The Digital Library Federation (DLF) is a consortium of research libraries that are transforming themselves and their institutional roles by exploiting network and digital technologies. By working together they leverage their collective reputations, investments, and research and development capacities in order to:

  • share and evaluate information about digital library tools, methods, practices, trends, and strategies;
  • stimulate and share in the conduct of necessary digital library research and development;
  • respond quickly and effectively to digital library challenges as they arise;
  • exercise some influence for the library community over a rapidly changing information landscape;
  • act as a catalyst in the development of innovative information services and organizations, and as an agent of learning for the profession;
  • attract investment in essential digital library research and development activities; and
  • build a community of professionals appropriate to the development of digital libraries.

The Federation is a leadership organization operating under the umbrella of the Council on Library and Information Resources (CLIR).
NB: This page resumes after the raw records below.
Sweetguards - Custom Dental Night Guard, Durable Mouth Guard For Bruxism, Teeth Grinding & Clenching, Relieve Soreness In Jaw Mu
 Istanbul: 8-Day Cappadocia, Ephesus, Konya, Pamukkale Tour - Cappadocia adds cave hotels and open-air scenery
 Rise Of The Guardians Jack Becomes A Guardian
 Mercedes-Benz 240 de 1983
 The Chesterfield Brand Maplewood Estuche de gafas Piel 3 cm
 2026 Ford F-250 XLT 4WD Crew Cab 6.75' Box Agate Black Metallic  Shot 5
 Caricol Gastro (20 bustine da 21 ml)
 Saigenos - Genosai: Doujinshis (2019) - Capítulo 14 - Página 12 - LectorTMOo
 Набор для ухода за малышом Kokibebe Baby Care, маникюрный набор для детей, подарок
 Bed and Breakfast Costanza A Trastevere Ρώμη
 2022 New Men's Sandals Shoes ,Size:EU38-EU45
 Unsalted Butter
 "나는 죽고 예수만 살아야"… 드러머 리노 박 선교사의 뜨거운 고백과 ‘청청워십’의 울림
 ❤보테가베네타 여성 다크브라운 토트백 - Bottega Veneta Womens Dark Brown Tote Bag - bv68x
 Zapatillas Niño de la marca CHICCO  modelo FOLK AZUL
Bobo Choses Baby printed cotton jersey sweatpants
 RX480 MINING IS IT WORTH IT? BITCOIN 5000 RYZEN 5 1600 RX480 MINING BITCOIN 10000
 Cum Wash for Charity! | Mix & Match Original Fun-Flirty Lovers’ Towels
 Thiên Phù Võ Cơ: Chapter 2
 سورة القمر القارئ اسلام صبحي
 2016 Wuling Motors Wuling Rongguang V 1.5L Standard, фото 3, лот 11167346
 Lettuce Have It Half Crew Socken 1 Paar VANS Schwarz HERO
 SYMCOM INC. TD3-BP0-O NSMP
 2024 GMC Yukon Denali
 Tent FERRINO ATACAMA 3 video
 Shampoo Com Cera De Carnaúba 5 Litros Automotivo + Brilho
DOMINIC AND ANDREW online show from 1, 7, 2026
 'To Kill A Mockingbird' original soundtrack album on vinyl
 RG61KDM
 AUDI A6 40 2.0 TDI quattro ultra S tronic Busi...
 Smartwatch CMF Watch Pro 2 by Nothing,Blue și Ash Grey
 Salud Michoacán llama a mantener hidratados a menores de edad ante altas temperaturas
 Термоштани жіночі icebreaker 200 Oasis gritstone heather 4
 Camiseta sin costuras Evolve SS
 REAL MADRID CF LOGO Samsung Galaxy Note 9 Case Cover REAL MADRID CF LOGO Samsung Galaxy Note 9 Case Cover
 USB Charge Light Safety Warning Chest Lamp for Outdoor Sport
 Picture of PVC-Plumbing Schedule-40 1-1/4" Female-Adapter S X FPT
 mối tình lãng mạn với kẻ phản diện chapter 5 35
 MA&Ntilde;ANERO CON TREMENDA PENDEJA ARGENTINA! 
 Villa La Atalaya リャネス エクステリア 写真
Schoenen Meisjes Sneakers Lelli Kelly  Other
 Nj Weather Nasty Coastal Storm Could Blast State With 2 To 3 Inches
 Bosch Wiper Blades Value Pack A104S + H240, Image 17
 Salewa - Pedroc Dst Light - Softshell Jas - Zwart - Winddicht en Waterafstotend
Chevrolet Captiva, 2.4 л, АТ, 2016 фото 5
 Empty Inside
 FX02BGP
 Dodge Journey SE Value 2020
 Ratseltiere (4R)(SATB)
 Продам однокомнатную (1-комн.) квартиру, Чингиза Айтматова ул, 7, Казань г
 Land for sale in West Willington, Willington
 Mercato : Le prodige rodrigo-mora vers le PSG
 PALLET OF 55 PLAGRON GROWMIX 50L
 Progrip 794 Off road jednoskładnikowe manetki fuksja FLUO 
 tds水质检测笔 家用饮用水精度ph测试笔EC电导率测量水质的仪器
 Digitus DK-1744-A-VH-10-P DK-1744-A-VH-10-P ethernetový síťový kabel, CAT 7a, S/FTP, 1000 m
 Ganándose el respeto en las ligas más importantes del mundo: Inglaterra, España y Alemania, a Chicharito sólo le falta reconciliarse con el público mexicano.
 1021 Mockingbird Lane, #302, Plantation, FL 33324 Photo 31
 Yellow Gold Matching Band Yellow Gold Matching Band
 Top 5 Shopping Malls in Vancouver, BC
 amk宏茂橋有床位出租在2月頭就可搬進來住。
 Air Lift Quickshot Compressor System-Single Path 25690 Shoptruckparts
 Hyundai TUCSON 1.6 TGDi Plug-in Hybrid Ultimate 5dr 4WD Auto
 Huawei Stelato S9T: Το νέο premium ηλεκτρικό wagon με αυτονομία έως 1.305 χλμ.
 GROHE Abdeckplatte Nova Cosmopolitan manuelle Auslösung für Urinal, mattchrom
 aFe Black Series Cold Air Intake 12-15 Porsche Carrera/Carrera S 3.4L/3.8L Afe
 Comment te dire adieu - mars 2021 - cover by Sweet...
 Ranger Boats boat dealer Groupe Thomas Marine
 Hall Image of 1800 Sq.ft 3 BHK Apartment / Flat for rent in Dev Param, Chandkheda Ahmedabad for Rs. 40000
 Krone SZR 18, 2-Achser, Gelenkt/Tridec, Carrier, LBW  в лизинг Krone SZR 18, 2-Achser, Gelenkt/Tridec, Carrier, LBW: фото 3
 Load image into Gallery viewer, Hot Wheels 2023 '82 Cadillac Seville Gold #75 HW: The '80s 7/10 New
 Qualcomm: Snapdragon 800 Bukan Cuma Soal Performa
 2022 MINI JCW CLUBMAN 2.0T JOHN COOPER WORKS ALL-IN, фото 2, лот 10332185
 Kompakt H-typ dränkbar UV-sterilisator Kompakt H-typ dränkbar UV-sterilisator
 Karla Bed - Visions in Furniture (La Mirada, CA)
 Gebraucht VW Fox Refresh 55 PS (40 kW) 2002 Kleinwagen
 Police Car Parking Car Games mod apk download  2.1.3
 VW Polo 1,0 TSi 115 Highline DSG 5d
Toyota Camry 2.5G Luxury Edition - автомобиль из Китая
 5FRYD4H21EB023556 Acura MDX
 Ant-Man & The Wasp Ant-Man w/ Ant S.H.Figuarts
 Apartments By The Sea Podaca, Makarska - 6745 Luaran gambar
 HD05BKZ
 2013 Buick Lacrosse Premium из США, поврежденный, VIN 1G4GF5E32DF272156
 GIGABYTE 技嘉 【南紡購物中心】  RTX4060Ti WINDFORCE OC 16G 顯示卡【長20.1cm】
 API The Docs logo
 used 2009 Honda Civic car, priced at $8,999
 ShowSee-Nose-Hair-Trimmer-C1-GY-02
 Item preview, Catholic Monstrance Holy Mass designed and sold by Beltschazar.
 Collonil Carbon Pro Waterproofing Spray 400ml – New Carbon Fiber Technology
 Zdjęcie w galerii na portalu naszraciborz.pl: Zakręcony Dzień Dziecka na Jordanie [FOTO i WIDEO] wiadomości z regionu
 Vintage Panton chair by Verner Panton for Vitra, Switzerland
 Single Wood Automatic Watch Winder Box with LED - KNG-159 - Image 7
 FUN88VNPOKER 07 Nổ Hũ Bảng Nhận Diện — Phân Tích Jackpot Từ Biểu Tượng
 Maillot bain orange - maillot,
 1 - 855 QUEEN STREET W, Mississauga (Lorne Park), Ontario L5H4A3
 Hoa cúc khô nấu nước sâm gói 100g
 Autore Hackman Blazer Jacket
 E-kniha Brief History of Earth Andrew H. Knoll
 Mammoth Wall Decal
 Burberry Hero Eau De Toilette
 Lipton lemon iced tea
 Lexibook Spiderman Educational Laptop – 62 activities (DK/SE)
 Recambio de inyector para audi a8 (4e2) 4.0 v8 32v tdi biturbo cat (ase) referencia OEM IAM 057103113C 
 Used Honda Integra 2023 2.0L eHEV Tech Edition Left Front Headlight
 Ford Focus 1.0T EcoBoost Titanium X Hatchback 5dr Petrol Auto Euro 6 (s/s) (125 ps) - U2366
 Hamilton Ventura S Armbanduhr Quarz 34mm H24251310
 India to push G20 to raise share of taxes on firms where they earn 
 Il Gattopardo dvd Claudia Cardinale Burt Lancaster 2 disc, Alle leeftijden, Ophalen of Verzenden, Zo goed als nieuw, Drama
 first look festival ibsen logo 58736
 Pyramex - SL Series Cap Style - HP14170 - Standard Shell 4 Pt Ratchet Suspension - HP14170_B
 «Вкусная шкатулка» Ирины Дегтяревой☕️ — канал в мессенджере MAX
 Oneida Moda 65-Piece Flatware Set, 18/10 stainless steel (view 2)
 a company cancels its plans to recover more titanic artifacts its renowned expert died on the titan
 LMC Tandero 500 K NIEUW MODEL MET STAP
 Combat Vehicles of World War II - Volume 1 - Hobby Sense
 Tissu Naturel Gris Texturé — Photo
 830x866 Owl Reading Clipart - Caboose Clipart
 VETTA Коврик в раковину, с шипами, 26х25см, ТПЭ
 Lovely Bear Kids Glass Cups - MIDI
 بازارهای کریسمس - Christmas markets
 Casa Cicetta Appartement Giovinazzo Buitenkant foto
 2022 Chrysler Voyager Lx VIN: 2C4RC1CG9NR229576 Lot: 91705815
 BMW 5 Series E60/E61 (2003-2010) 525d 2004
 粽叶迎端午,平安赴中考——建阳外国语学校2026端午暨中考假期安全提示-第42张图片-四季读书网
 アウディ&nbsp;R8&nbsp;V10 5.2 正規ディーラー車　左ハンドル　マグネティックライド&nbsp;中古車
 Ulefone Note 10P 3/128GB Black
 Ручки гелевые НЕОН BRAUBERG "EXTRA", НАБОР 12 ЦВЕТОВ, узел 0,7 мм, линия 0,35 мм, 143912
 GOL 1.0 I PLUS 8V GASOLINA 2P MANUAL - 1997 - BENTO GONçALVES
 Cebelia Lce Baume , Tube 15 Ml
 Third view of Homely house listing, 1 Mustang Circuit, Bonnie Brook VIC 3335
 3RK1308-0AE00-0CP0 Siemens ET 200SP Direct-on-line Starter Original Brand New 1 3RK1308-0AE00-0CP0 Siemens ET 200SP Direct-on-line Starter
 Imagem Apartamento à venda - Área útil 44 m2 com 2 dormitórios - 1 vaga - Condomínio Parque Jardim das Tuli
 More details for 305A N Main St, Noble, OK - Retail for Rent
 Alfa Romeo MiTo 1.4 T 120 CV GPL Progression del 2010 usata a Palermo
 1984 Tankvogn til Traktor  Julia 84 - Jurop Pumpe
Its members manage and operate digital libraries.

DLF require a common understanding of what a digital library is. The DLF's initial working definition of a digital library is as follows:

"Digital libraries are organizations that provide the resources, including the specialized staff, to select, structure, offer intellectual access to, interpret, distribute, preserve the integrity of, and ensure the persistence over time of collections of digital works so that they are readily and economically available for use by a defined community or set of communities."

Of course, the concept of digital library has multiple senses that one might invoke in various contexts. Accordingly, the definition has been extended or at least qualified as follows with reference to the functions that are increasingly becoming associated with the digital library as it constructs online environments through which it delivers its various services and collections.

The digital library extends the breadth and scale of scholarly and cultural evidence and supports innovative research and life-long learning. To do this, it mediates between diverse and distributed information resources on the one hand and a changing range of user communities on the other. In this capacity, it establishes "a digital library service environment" - that is, a networked, online information space in which users can discover, locate, acquire access to and, increasingly, use information. Although access paths will vary depending upon the resource in question, the digital library service environment makes no distinctions among information formats. Books, journals, paper-based archives, video, film, and sound recordings are as visible in the digital library service environment as are online catalogs, finding aids, abstract and indexing services, e-journal and e-print services, digitized collections, geographic information systems, Internet resources, and other "electronic" holdings.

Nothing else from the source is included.